● **About this task**
Print the data below again in full, exactly as it stands, with no images.

Captioned web image data:
###
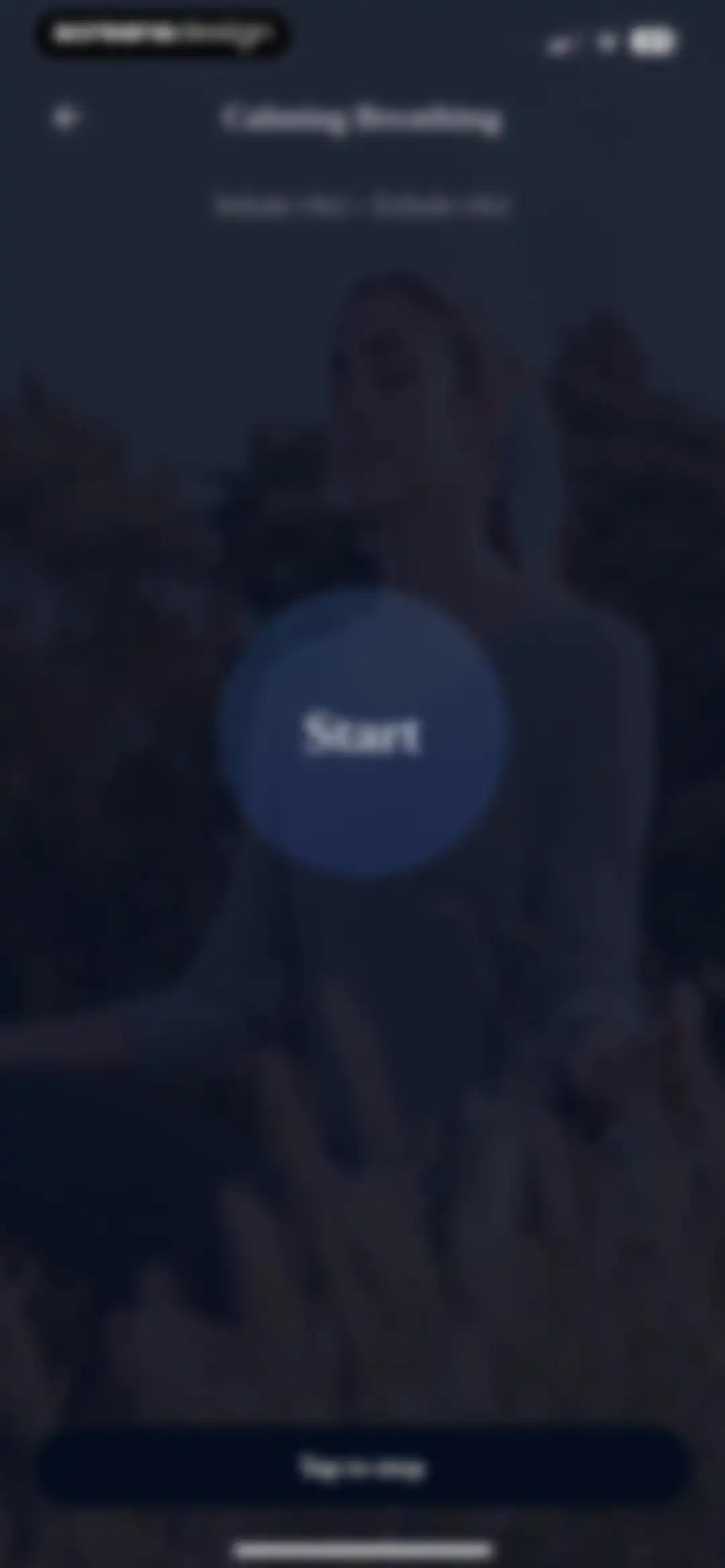 Sleep Monitor: Sleep Tracker screen 61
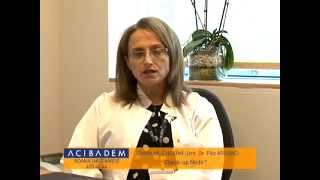 Uzman aile hekimi Uzm. Dr. Filiz Arabacı DoktorumTv'de soruları yanıtlıyor.  2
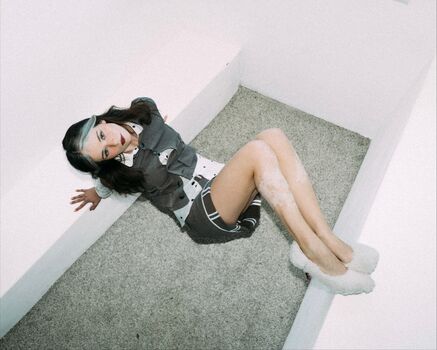 Full leaked Nadine breaty private onlyfans photo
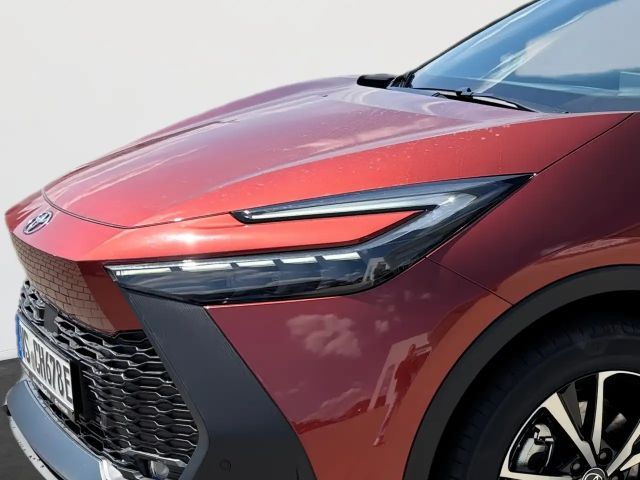 Toyota C-HR 4x2 Plug-in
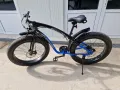 Фетбайк Fatbike 21 ск, снимка 12
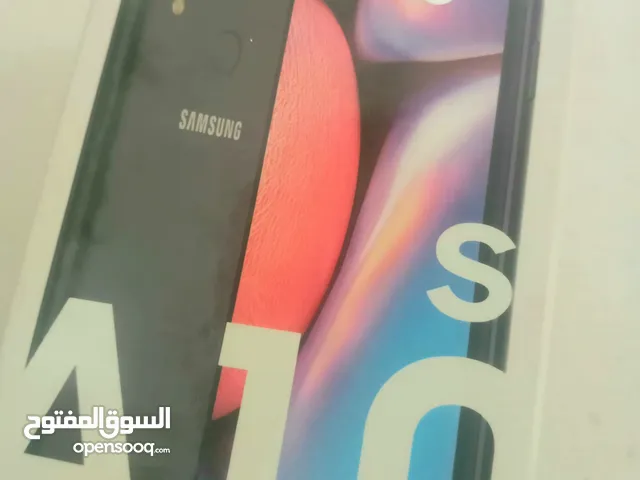 Samsung Galaxy A10s 32 GB in Zawiya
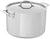 Viking 3-Ply Stainless Steel Stock Pot, 12 Quart - The Finished Room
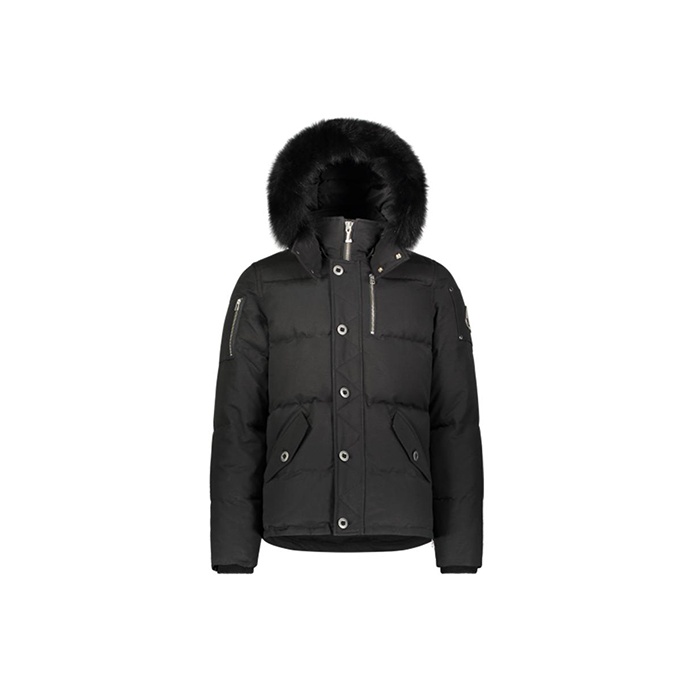 Moose Knuckles Original 3Q Padded Jacket L - POIZON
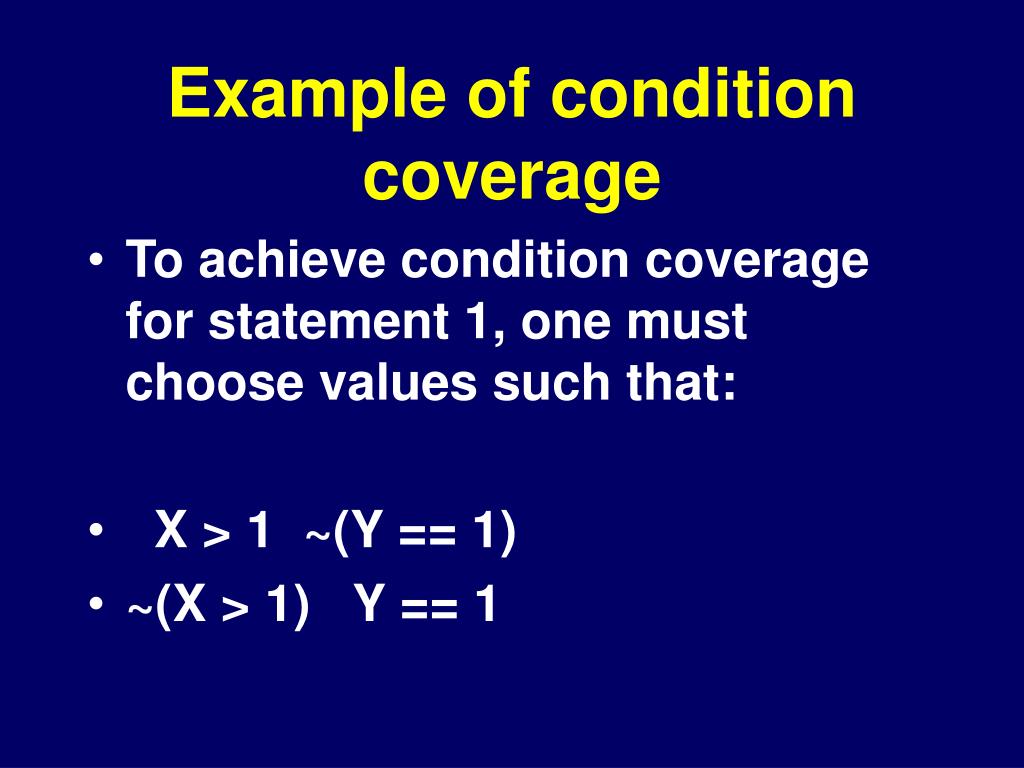 PPT Software Testing and Reliability PowerPoint Presentation, free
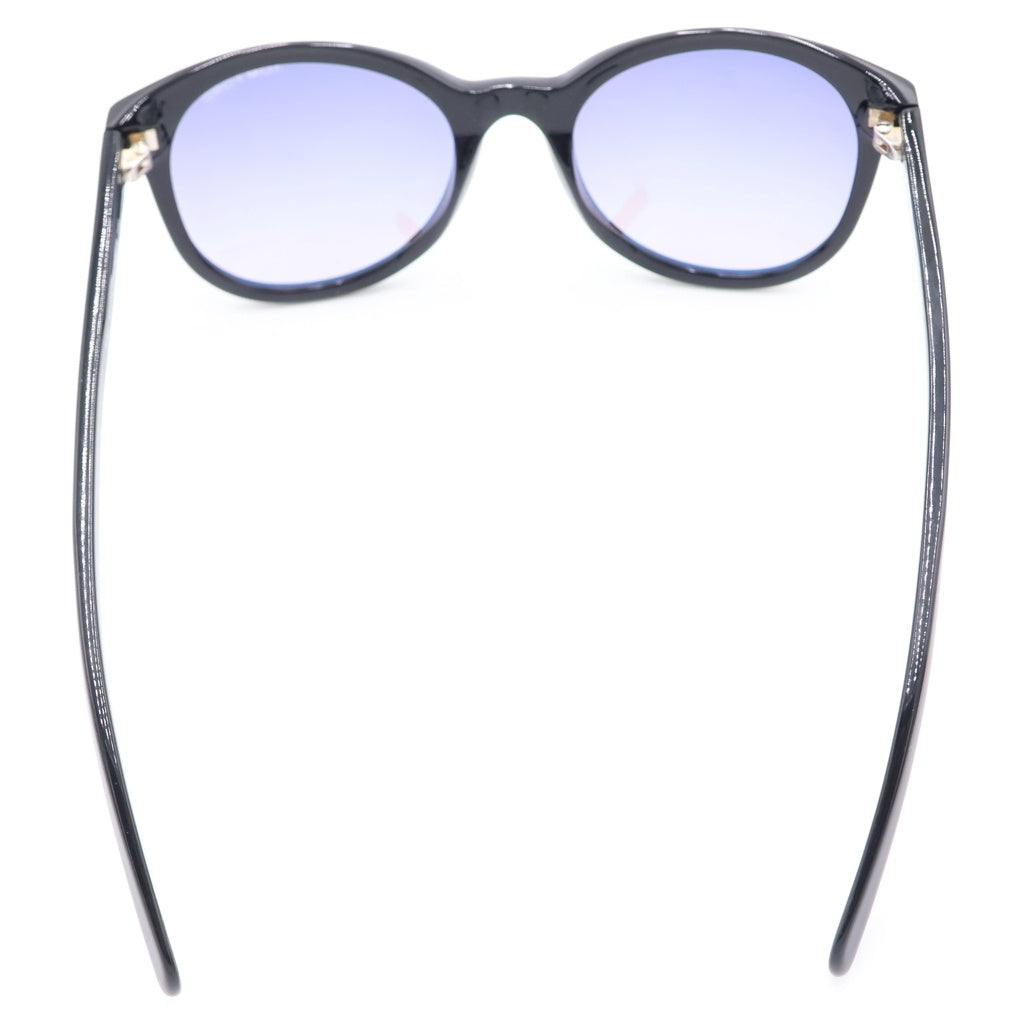 TOM FORD(トムフォード) ボストンサングラス メガネ アイウェア ブラック TF298 01B レディース
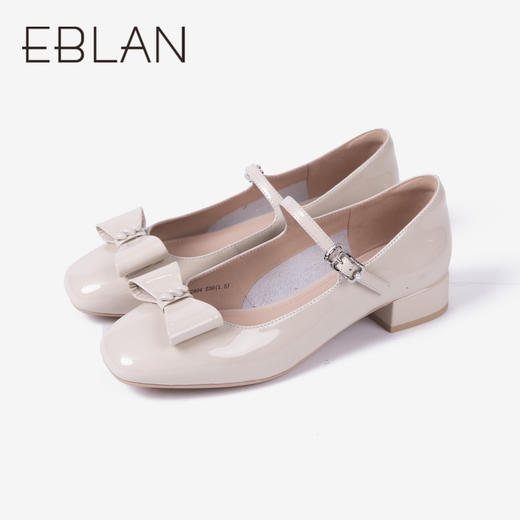 伊伴单鞋B24152752 商品图4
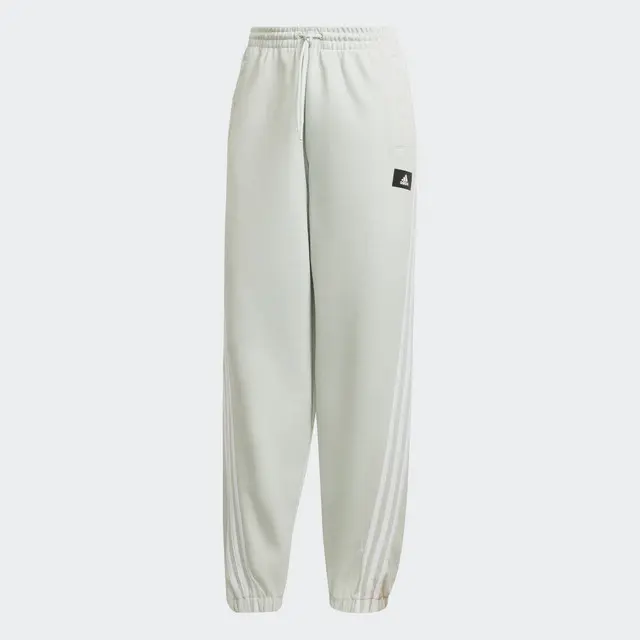adidas Performance W FI 3S PANT Dámské tepláky US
###
● **Task solution**
 Sleep Monitor: Sleep Tracker screen 61
 Uzman aile hekimi Uzm. Dr. Filiz Arabacı DoktorumTv'de soruları yanıtlıyor.  2
 Full leaked Nadine breaty private onlyfans photo
 Toyota C-HR 4x2 Plug-in
 Фетбайк Fatbike 21 ск, снимка 12
 Samsung Galaxy A10s 32 GB in Zawiya
 Viking 3-Ply Stainless Steel Stock Pot, 12 Quart - The Finished Room
 Moose Knuckles Original 3Q Padded Jacket L - POIZON
 PPT Software Testing and Reliability PowerPoint Presentation, free
 TOM FORD(トムフォード) ボストンサングラス メガネ アイウェア ブラック TF298 01B レディース
 伊伴单鞋B24152752 商品图4
adidas Performance W FI 3S PANT Dámské tepláky US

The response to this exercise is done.